Andre Cantelmo Photography
The most valuable tool you will ever own is your brain. It is a very complex organ that merges technical knowledge, imagination, organization, design, and life experience. If you can quiet your racing thoughts, and clearly see what is in your viewfinder good things happen.
My thoughts and feelings towards the tools I use to make photographs works for me. I respect their wonderful engineering, high quality, and ease of use, and view it as an extension of my mind and hands. At the same time, I have a healthy disrespect for the gear I use. I value and protect my equipment. I take excellent care of my stuff, but in the end its just a set of tools.
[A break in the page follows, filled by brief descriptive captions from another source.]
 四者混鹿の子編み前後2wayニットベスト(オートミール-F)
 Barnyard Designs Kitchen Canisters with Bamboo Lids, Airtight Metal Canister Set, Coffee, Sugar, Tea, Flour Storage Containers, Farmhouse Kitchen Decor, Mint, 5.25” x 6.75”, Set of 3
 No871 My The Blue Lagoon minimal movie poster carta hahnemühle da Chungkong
My priority are the images and to a lessor extent the equipment. I would not hesitate to own the proper gear I needed, however once I own it, I separate myself from the frenzy of new improvements and model numbers. Its been said, that Adobe Photoshop cannot make a great photograph out of a bad one. This holds true for camera gear as well. Expensive stuff does not guarantee great photographs.
I spend a lot of time thinking about images. What is significant enough to want me to put a frame around it? Spending more time thinking about making a photograph and less time thinking about gear, puts the emphasis where I want it to be. It gets my mind focused on framing an image and creating just the composition I want. I do recommend spending time familiarizing yourself with your gear and how it all works to get the tech stuff out of the front of your mind. Become knowledgeable enough to not think about the tech stuff. My friends and family frequently ask me how they can make better photographs. Typically, the conversation goes in the direction of purchasing new equipment that can make a better photographs. They make the rookie error of placing to much importance on gear. On occasion I take them outside and each of us use the same cell phone to make a photograph. What becomes obvious very quickly is that they need to eliminate visual clutter and frame their work for a cleaner design. This works with any camera. It takes a bit of desire and consistent work, but everyone can improve their photography without necessarily getting involved with a new purchase.
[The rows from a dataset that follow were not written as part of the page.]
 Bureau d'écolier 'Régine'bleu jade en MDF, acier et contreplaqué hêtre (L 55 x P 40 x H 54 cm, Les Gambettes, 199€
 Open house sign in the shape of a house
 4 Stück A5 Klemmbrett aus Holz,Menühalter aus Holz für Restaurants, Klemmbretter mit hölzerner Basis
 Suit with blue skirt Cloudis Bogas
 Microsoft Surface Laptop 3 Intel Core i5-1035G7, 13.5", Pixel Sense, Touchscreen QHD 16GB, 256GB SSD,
Henri Cartier-Bresson is known for capturing the decisive moment. Being in the right place at the right time, being ready both equipment wise, as well as mentally alert. He used quality equipment, however his focus was not on his tools, it was on the moment at hand. Following are two quotes that emphasize his mindset.
To me, photography is the simultaneous recognition, in a fraction of a second, of the significance of an event.
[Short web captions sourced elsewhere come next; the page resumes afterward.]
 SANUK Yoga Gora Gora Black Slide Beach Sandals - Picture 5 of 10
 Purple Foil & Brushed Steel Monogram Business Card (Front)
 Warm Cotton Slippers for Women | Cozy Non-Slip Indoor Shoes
Photographers deal in things which are continually vanishing and when they have vanished there is no contrivance on earth which can make them come back again.
In my photographic career I have gotten to know all types of photographers. Some are so focused on equipment that they are a walking dictionary of model numbers and new issue gear. Their approach to photography is from the technical side. Others I've known are always looking and seeing. Being with them means you are focused on the light, texture, and composition, and those things are the topic of discussion. People will gravitate towards the discipline that appeals to their nature. Being true to my inner self, means that what winds up in the frame is my focus. I find that filling my head with all the new gear the industry can come up with takes my focus off where I want it to be. Being more present, more involved in the moment right before me, and seeing deeply into my surroundings makes me more alive and aware of the world around me. With my work I am essentially saying “here look at this, isn't this wonderful?” After all, we only live in the present moment. It is really all we have to work with. We live our whole lives in the moment we are in, not in the future that is yet to unfold. Nor in the past that is unchangeable.